The Motorcyclists Learn

Frozen hands, deflated tires, and the treacherous descent into Tarija teach hard lessons about survival at 12,000 feet.

It was difficult to hold to the slippery, muddy road as it slanted and twisted on a descent as gradual as possible. Our deflated tire aggravated the situation. Jim could not keep his glasses free of frost—no matter, since you could not see more than five feet ahead. Hands began to scream with pain at such abuse. Then they were numbed, and when frost covered, as well as eyebrows and lashes. Would then cloud over and a quick tap would turn on the emergency gas tank—only a few miles of fuel left. It was about 6 p.m. when we hit the valley floor.

Tarija, where we stopped, was two miles out of the city close to where it was the only place where we could hope to find shelter and gas. The city itself was in a valley at about 6,000 feet above sea level. Our road, though, was at 12,000 feet. Jim’s lips were blue and he was shivering uncontrollably. The altitude sickness and lack of oxygen were obvious. We stopped the motorcycle and found where the valley should be. Somewhere above us, shrouded in the fog, was the city of Tarija.

We arrived there after dark, cold and exhausted. With no street lights, the city continued to climb and then the road fell away into silence. We were thinking of just trudging in utter weariness. Suddenly, from the gloom of the road behind us, a group of bicyclists appeared and began to help us push. They were planning to go the remaining three miles right to the door of a modest hotel. The Indian proprietress carefully pulled over her shawl to keep out the night air. She pointed to the culprit in any number of diseases and showed us our room. We were too numb to care.

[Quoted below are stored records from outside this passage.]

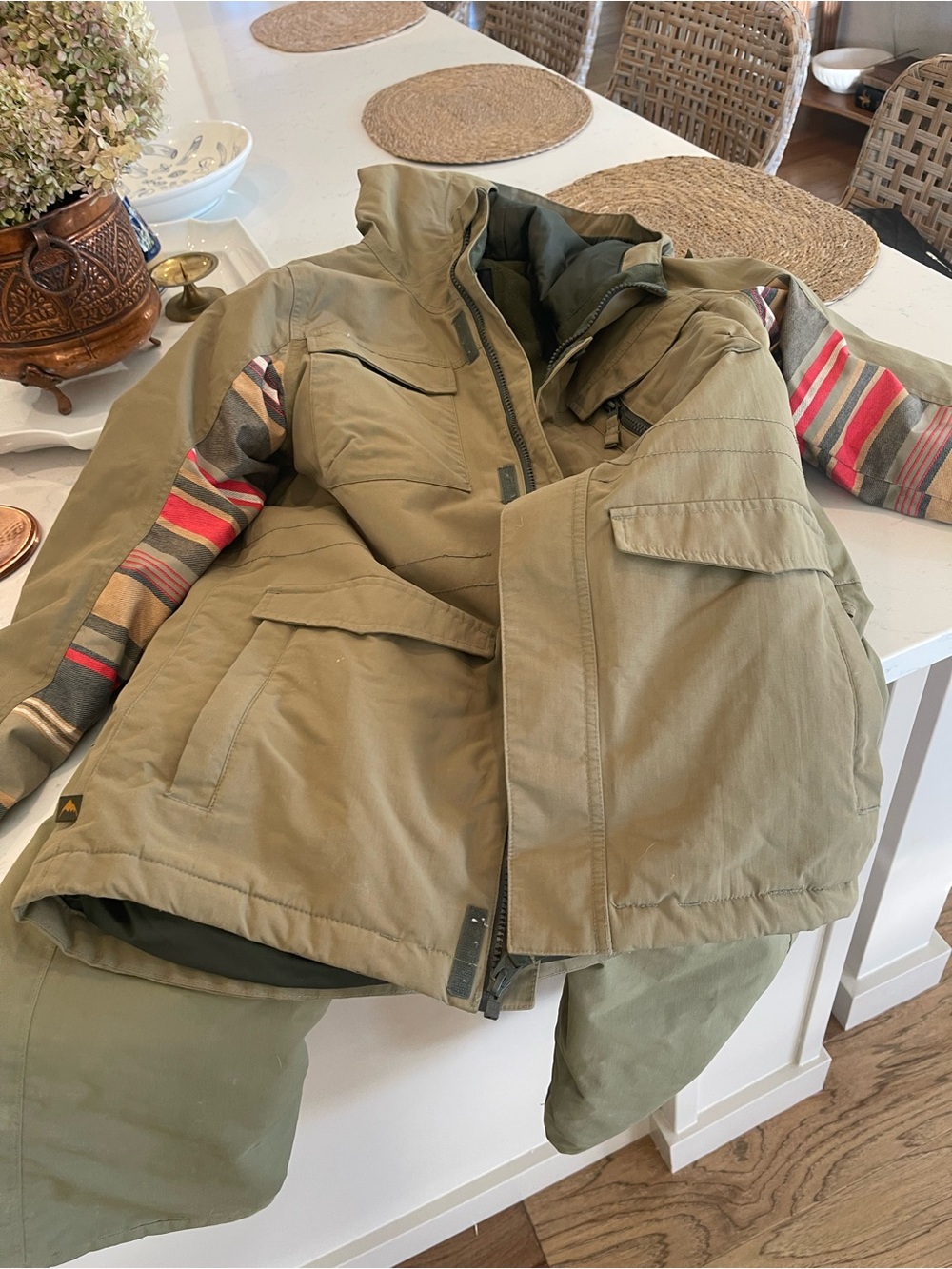 Burton Olive Green Kids Snowboard Jacket and Pants Striped Sleeve Accents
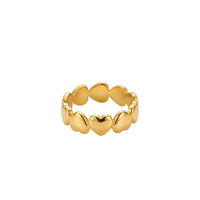 18K Gold Plated Matte Frosted Textured Band Ring - Size 7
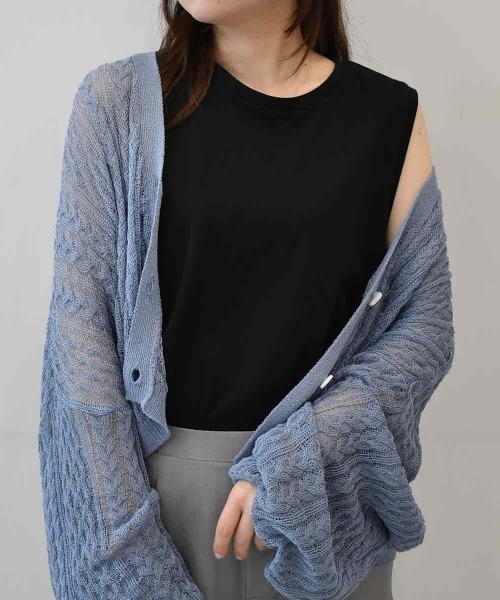 RANAN（ラナン）の「〈Beautiful Cotton　綿100％〉UVカット/接触冷感　ラウンドヘム無地タンクトップ　ロング丈（タンクトップ・レディース・ブラック/オフホワイト/モカ/ライトグレー/グリーン/ダークブラウン/オレンジ/チャコール/パープル/その他・M/L/LL）」の21枚目の写真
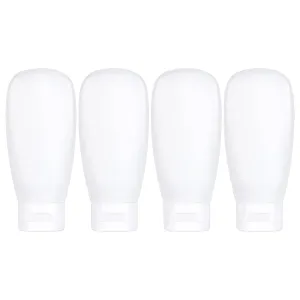 TSA Approved Travel Bottles Set for Toiletries Travel Size Containers Kit 4 Pack Portable Leak Proof Refillable Squeeze Cosmetic Airplane Essential Shampoo Hair Conditioner Body Lotion Bath Shower Gel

We were brought a candle she gave us when we came to supper—a delightful variety of strange soups and stews. Is there a city closer to Paradise in all the world?

Learning the Road

In Bolivia the road was often no road at all. It was a track carved through mountains and valleys, sometimes gravel, sometimes bare rock, sometimes mud. We learned quickly that distance was measured not in miles but in hours. Progress was unpredictable. The motorcycle, loaded with baggage, could only be coaxed along at times.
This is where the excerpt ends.